La France doit donc, au plus vite, reprendre l’intégralité de sa souveraineté, transférée progressivement depuis 1992 à l’UE, et à nouveau agir dans le monde selon sa tradition et retrouver ses légitimes ambitions de Grandeur. Elle doit surmonter l’obstacle que représente l’UE à la restauration de ses capacités. J’insiste sur ce que j’écrivais dans un texte précédent, c’est de la concurrence entre les grandes nations européennes que la civilisation occidentale a pu se répandre dans le monde et que les progrès scientifiques, technologiques et sociaux ont pu naître et grandir. La France a pris une part majeure dans ce processus que l’UE a étouffé.

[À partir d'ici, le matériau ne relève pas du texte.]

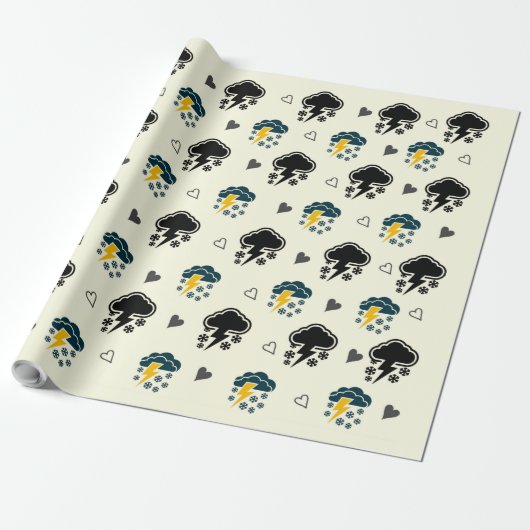 Papier Cadeau "Thunderstorm Elegance : papier ☁️ et ⚡. (Déroulé)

la France est une grande puissance maritime potentielle, présente par ses territoires dans toutes les mers du monde. Elle y dispose de formidables richesses qu’elle doit protéger et exploiter. Elle dispose toujours des atouts nécessaires à la reconquête de son pouvoir, en son sein comme à l’extérieur. La seule question qui puisse se poser est la suivante: est-ce que ses dirigeants possèdent les vertus indispensables pour assumer la dimension historique de la patrie française masquée aujourd’hui par la qualification de République qui lui est substituée. La République n’étant qu’un régime administratif pouvant s’inclure dans un autre régime administratif. Elle est frauduleusement confondue avec la démocratie. La France, elle, est de chair et d’histoire.